Szene aus dem neuen Pollesch-Abend im Autokino.

Intellektueller Trash im Cabrio

René Pollesch: Stadion der Weltjugend

Theater:Schauspiel Stuttgart, Premiere:01.07.2016 (UA)Regie:René Pollesch

Schon die Einfahrt in René Polleschs neue Uraufführung für das Staatstheater Stuttgart ist spektakulär. Über den Kassenhäuschen des Autokinos im Vorort Kornwestheim prangt der Titel in leuchtenden Lettern: „Stadion der Weltjugend“. Das ist täuschend echt der DDR-Sportstätte in Berlin-Mitte nachempfunden, die 1992 abgerissen wurde.

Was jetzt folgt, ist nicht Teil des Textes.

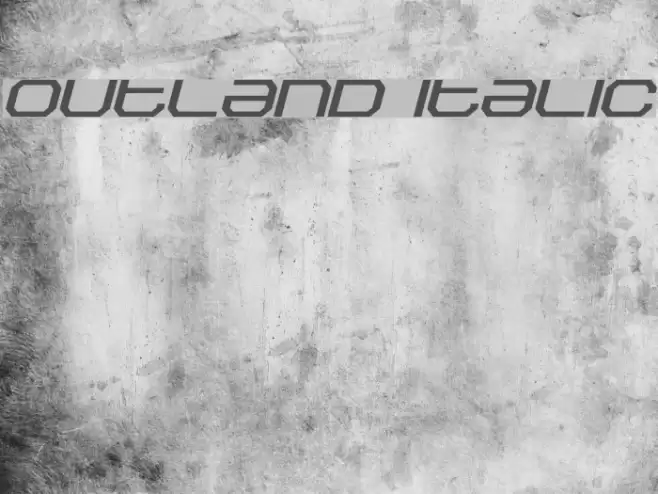 Outland Italic Font examples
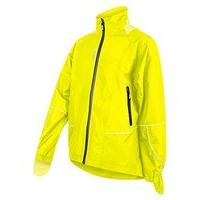 santini 365 rain jacket yellow small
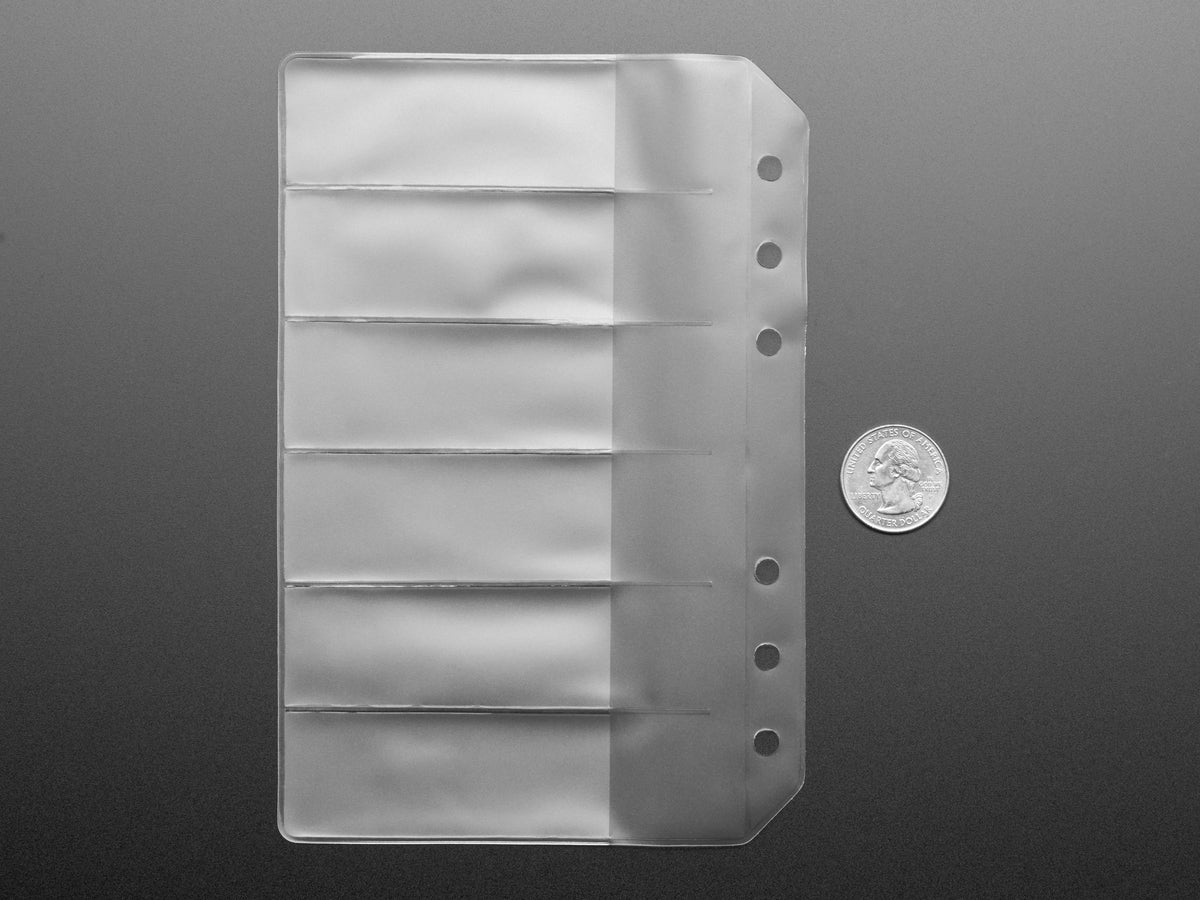 Leere SMT-Aufbewahrungsseiten für 6 Streifen à 24 mm Klebeband – 5 Seiten, 2184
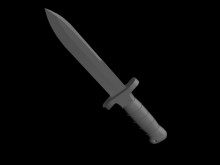 Combat knife (based on KM3000)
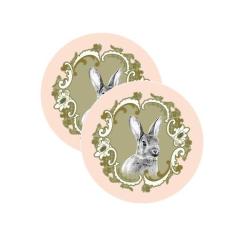 Kit Sousplat Páscoa - NSW, com base, 2 Peças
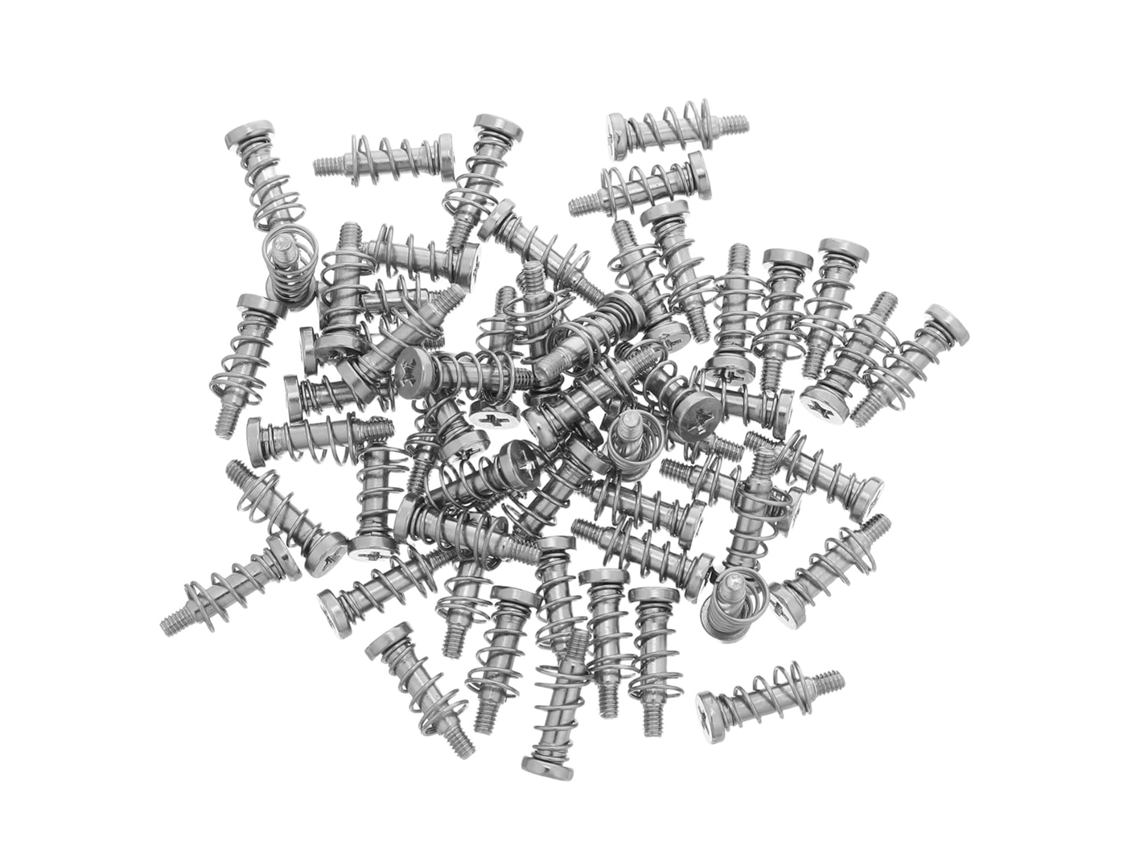 Conjunto De 100 Parafusos De Computador Com Mola, Parafusos Para Ventoinhas E Dissipadores De Calor De Pc, Cabeça Redonda E Plana Gokoco
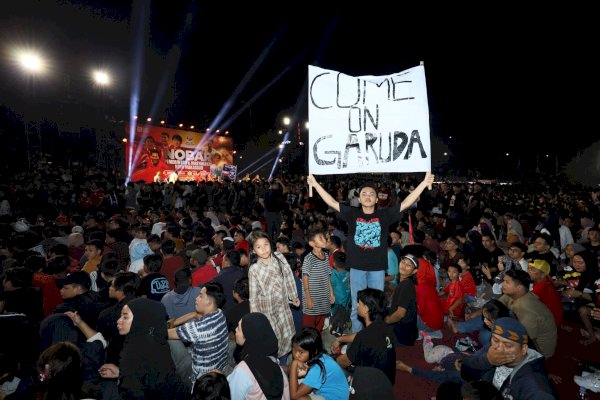 Ultras Garuda Ikut Meriahkan Nobar Piala Asia AFC Cup U-23 di Makassar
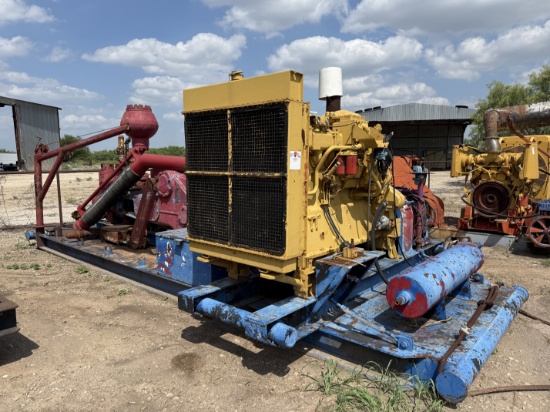 OILWELL 7-1/4x14 DUPLEX MUD PUMP P/B CAT D353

Drinnen geht es weiter mit verblichener Nostalgie. Auf dem Schotterplatz sitzen Zuschauer in Sportwagen, Kombis und Cabrios. Einige haben sich Klappstühle mitgebracht, trinken Cola oder Bier. Pommes Frites und Popcorn gibt es im Diner. Das Publikum ist Teil des Events, das Pollesch mit viel Video-Tam-Tam, einem hektischen Kamerateam und fünf Schauspielern zelebriert.

Der Bühnenraum, von Barbara Steiner allzu strikt und fantasielos auf das Innere eines Wagens und die fernen Lichter der Stadt beschränkt, wirkt wie aus der Zeit gefallen. Autokinos mit knutschenden Pärchen in der hintersten Parkreihe, auch „Lovers Lane“ genannt, kennt man fast nur noch aus amerikanischen Filmen. Auf der grünen Wiese bei Stuttgart gibt es das noch. Im Rückspiegel ist auf einer Leinwand im Hintergrund der Kassenfüller „Ice Age – Kollision voraus“ zu sehen, während auf der anderen Schauspieler über Repräsentation im Theater und über den Niedergang männlicher Frauendarsteller im 17. Jahrhundert nachdenken. Den Ton gibt’s über eine UKW-Frequenz im Autoradio.

Phrasendreschmaschine, Theorieschleuder, intellektueller Trash – Polleschs rasantes Pop-Theater funktioniert auch im Autokino, in dem in den 60er- und 70er-Jahren meist Horrorgestalten über die Bühne jagten. Seine Filmzitate von „Raumschiff Orion“ bis zum Autokino-Thriller „Targets“ mit Horror-Star Boris Karloff sind zu dick aufgetragen. Auch Blaulicht-Jagden mit der Kamera wirken ausgelutscht. Dennoch geht Polleschs intelligentes Konzept auf. Das liegt nicht zuletzt an fünf starken Schauspielern, die der verwirrenden Kunsttheorie Leben einhauchen. Auch die Souffleurin ist dabei, verweist darauf, dass alles nur Theater ist.

Bühnenstar Martin Wuttke, jahrelang als Tatort-Kommissar zur besten Fernseh-Sendezeit zu erleben, dekonstruiert brillant Künstleridentitäten. Nichts als ein „menschlicher Anschlussfehler“ bleibt in Polleschs klugem Text vom einstigen Star übrig, der sich mal mit Menjou-Bärtchen, mal mit blondem Toupet in Szene setzt. Der Autor und Regisseur entwickelt seine Texte mit den Spielern, schöpft aus ihren Biografien. Respektlos trumpft Julischka Eichel auf. Sie stemmt sich gegen „den Terror der Natürlichkeit“, will nur Männerrollen spielen. „Die Kunstkacke hat keine Zukunft“, schleudert ihr Powerfrau Abak Safael-Rad entgegen. Mit Manuel Harder und Christian Schneeweis fechten die drei einen erfrischenden Diskurs aus.

Griffig macht Polleschs Regie deutlich, dass hinter den Phrasen verletzliche Menschen stecken. Bühnenarbeiter blasen eine überlebensgroße Gummipuppe mit drallen Brüsten auf. Wenn Martin Wuttke in deren Schoß versinkt und dann von ihren kräftigen Schenkeln rutscht, moniert er die „tragische Fallhöhe“, die es im Filmgeschäft nicht mehr gibt. In Momenten wie diesem kommt Polleschs Kritik am Kulturbetrieb schön zum Tragen.